# LWL auf Kupfer Adapter (Fibre Channel auf RJ45)



## Klang (1. November 2004)

Hi @all,

ich suche einen Adapter bzw. Kupplung damit ich einen PC mit normaler Netzwerkkarte (RJ45) und einen PC mit LWL-Netzkarte (Fibre Channel) zusammen an ein LWL Patchkabel anschließen kann.
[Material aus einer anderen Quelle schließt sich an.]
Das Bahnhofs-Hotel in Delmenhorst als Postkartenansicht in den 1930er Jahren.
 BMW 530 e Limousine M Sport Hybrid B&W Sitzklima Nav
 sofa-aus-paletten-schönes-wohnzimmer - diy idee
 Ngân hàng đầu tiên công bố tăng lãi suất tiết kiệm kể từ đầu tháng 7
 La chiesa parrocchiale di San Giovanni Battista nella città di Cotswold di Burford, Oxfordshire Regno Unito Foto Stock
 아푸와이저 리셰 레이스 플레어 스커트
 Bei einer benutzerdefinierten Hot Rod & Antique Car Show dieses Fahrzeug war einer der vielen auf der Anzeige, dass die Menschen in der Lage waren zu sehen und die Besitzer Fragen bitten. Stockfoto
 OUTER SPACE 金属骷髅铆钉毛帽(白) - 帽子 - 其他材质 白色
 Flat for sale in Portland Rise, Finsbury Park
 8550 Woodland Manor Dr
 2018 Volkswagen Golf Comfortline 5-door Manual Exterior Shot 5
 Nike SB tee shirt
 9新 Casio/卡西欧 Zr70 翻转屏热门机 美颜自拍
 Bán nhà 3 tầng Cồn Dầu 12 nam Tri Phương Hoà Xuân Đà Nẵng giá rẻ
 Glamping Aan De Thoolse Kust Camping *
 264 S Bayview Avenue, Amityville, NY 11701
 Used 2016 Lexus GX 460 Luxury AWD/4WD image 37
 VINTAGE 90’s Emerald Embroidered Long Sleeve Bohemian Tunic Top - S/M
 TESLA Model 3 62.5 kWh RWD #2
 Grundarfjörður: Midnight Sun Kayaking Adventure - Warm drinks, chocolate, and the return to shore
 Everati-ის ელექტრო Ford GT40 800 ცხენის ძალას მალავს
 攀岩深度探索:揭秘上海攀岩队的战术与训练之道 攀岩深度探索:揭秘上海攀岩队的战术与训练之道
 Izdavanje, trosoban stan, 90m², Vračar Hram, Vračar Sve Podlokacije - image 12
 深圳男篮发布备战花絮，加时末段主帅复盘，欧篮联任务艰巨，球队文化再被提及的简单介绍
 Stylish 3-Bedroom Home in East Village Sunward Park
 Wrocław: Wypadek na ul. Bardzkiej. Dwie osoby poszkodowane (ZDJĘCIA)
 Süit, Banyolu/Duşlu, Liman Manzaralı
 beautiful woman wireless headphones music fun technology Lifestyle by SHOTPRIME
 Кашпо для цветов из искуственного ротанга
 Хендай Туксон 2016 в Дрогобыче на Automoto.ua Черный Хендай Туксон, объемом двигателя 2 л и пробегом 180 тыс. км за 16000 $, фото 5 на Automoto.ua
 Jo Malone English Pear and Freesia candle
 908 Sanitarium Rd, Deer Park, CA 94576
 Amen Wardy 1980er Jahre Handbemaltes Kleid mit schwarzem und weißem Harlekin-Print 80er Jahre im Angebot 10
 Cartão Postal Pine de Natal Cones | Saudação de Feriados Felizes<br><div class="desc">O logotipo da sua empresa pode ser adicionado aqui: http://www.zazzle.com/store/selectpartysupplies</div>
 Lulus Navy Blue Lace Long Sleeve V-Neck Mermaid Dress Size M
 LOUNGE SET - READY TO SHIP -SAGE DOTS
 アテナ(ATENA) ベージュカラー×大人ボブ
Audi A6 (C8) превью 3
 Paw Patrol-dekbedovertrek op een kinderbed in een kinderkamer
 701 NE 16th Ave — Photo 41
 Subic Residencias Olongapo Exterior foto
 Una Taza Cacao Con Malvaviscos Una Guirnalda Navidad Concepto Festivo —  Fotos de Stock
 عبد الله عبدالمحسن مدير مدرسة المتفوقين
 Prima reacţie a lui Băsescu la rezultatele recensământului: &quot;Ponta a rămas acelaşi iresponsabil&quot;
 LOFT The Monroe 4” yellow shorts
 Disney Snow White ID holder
Erklärung: Ich habe ein LWL Netzkabel (Kabel zum Netzwerk) an das ich 2 PC's anschliessen möchte. Nun brauch ich so einen Adapter der gleichzeitig als Kupplung fungiert. Adapter auf Kupfer (RJ45) und Kupplung für den LWL Anschluss.

Hat jemand eine Idee?


----------



## Skinner (1. November 2004)

Router, Hub oder Switch mit LWL anschluss kaufen

Oder so einen Kuppler wobei der wahrscheinlich nur einen Anschluss hat und du 2 brauchst


----------



## amw (16. November 2004)

Evtl. hilft dir das ja ein wenig weiter.

http://www.alliedtelesyn.de/de-de/products/

Diese Firma stellt sehr viele Arten von Adaptern her.


----------